You need a nested loop: two loops - one outer and one inner.
An exercise in Coderbyte is supposed to determine if some subset of integers in an array sum to the largest number in the array.
The following code seems to work on my computer, but when I submit it online, it seems to cause an endless loop. (There's never any output, regardless of the argument passed).
def arr_add?(arr)
a = arr.sort
lgst = a.pop
size = a.size
result = false
while size > 1
a.combination(size) {|c| result |= (c.inject {|r, a| r + a} == lgst)}
size -= 1
end
result.to_s
end
arr_add?([1, 2, 3, 4, 10, 14])
Any ideas why this might be the case?
I suspect that you are actually not running into an endless loop, but rather just take a really long time, because of the inefficiency of your algorithm.
def ArrayAdditionI(arr)
arr_size = arr.size
ary = arr.sort
largest = ary.pop
ary_size = arr_size - 1
combination_size = ary_size
result = false
while combination_size > 1
ary.combination(combination_size) {|combination|
result |= (combination.inject(
:+
) == largest)
}
combination_size -= 1
end
result.to_s
end
I introduced a new variable and renamed some others, so that it becomes easier to talk about the algorithm. I also reformatted it, to make the three nested "loops" more obvious.
Let's take a look at the algorithm.
The outer while loop is executed ary_size - 1 == arr_size - 2 times, with combination_size ranging from 2 to ary_size == arr_size - 1.
The combination "loop" is executed ary_size choose combination_size times, that's … well, a very quickly growing number.
The innermost "loop" (the operation performed by combination.inject) is executed combination_size - 1 times.
This gives a total execution count for the innermost operation of:
The Sum from 2 to arr_size - 1 of
arr_size - 1 choose combination_size times
combination_size - 1
In Wolfram Language, that's Sum[Binomial[a-1, c]*(c-1), c, 2, a-1], which Wolfram Alpha tells us is 2^(a-2) (a-3)+1, which is in O(2^n).
Playing around with the numbers a bit:
for 10 items, we have 1793 executions of the inject operation
for 15 items, we already have 98 305
for 20 items, we have 4 456 449
at 28 items, we cross the threshold to a billion operations: 1 677 721 601
for 1000 items, which I suspect is a somewhat reasonable input size CoderBytes might use, we have 2 670 735 203 411 771 297 463 949 434 782 054 512 824 301 493 176 042 516 553 547 843 013 099 994 928 903 285 314 296 959 198 121 926 383 029 722 247 001 218 461 778 959 624 588 092 753 669 155 960 493 619 769 880 691 017 874 939 573 116 202 845 311 796 007 113 080 079 901 646 833 889 657 798 860 899 142 814 122 011 828 559 707 931 456 870 722 063 370 635 289 362 135 539 416 628 419 173 512 766 291 969 operations. Oops.
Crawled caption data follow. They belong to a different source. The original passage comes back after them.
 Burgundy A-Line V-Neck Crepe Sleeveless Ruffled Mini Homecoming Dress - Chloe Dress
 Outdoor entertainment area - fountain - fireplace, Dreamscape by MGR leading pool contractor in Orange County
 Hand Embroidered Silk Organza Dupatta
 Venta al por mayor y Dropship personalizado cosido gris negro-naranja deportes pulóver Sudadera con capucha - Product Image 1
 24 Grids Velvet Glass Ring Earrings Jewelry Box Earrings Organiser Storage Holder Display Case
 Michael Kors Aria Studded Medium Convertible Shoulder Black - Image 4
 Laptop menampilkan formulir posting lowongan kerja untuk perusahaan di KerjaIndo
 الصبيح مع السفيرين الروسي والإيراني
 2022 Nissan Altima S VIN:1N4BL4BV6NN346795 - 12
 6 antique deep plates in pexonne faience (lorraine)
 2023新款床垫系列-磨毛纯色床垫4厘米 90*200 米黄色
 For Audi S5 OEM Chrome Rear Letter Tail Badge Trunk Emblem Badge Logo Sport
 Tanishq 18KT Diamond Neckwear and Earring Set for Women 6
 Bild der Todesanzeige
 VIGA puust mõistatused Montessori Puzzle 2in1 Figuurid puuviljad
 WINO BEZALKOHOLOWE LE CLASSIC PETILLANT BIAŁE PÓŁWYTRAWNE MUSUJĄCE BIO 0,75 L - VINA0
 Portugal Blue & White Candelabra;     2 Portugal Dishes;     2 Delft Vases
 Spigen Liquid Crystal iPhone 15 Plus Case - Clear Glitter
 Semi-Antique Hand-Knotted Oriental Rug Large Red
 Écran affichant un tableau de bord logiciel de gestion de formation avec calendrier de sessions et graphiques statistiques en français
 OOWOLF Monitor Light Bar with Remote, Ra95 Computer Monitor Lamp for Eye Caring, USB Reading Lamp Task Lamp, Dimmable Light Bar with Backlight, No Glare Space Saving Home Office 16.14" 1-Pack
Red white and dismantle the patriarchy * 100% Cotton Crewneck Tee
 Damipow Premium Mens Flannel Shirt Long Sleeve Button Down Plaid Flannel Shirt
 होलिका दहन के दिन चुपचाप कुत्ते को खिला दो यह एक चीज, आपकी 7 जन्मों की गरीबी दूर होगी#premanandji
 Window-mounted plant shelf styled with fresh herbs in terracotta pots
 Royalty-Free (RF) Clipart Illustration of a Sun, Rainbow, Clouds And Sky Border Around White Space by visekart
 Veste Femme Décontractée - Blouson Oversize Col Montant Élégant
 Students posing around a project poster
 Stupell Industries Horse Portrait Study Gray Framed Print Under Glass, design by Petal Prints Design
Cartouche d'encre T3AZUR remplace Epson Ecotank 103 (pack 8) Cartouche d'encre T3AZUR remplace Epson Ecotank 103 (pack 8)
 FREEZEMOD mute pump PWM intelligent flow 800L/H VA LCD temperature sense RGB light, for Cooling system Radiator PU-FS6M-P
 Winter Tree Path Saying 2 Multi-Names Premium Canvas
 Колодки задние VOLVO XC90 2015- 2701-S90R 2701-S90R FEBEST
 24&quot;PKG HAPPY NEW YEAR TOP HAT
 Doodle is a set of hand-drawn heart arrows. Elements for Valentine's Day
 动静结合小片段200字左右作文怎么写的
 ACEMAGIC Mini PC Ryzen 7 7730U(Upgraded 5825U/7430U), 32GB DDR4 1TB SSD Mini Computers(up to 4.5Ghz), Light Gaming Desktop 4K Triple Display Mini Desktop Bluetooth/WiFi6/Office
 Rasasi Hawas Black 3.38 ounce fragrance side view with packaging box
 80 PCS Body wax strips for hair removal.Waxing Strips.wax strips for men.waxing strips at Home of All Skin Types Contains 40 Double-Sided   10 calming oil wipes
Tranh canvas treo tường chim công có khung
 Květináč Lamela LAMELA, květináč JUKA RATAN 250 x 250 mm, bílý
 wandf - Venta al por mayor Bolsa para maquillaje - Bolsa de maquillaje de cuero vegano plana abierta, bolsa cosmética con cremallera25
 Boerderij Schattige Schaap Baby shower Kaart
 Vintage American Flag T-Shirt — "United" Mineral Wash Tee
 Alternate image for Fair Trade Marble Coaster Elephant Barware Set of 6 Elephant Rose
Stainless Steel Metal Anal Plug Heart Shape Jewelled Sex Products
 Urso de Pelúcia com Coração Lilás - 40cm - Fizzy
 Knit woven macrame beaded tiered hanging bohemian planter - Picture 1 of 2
Try your algorithm with arrays of length 5, 10, 15 (all instantaneous), 20 (a noticeable pause), and then 23, 24, 25 to get a feel for just how quickly the runtime grows.
Assuming that you could build a CPU which can execute the inner loop in a single instruction. Further assuming that a single instruction takes only a Planck time unit (i.e. the CPU has a frequency of roughly 20 000 000 000 000 000 000 000 000 000 000 THz). Further assuming that every single particle in the observable universe was such a CPU. It will still take more than the current age of the universe to execute your algorithm for an array of not even 500 items.
Note that with most of these programming puzzles, they are not actually programming puzzles, they are mathematics puzzles. They usually require a mathematical insight, in order to be able to solve them efficiently. Or, in this case, recognizing that it is the Subset sum problem, which is known to be NP-complete.
By the way, as a matter of style, here is (a slight variation of) your algorithm written in idiomatic Ruby style. As you can see, in idiomatic Ruby, it almost becomes a 1:1 translation of the English problem statement into code.
While it is asymptotically just as inefficient as your algorithm, it breaks early, as soon as the answer is true (unlike yours, will just keep running even if it already found a solution). (any? will do that for you automatically.)
def ArrayAdditionI(arr)
largest = arr.delete_at(arr.index(arr.max))
1.upto(arr.size).any? {|combination_size|
arr.combination(combination_size).any? {|combination|
combination.inject(:+) == largest
}
}.to_s
end
This is an alternative interpretation of the (unclear) problem statement:
def ArrayAdditionI(arr)
2.upto(arr.size).any? {|combination_size|
arr.combination(combination_size).any? {|combination|
combination.inject(:+) == arr.max
}
}.to_s
end
The code above is valid ruby code.
The result is "true".
It is a bit unusual perhaps in that while loops are somewhat rare to see/have, but since it is valid ruby code, it should work on that remote site too.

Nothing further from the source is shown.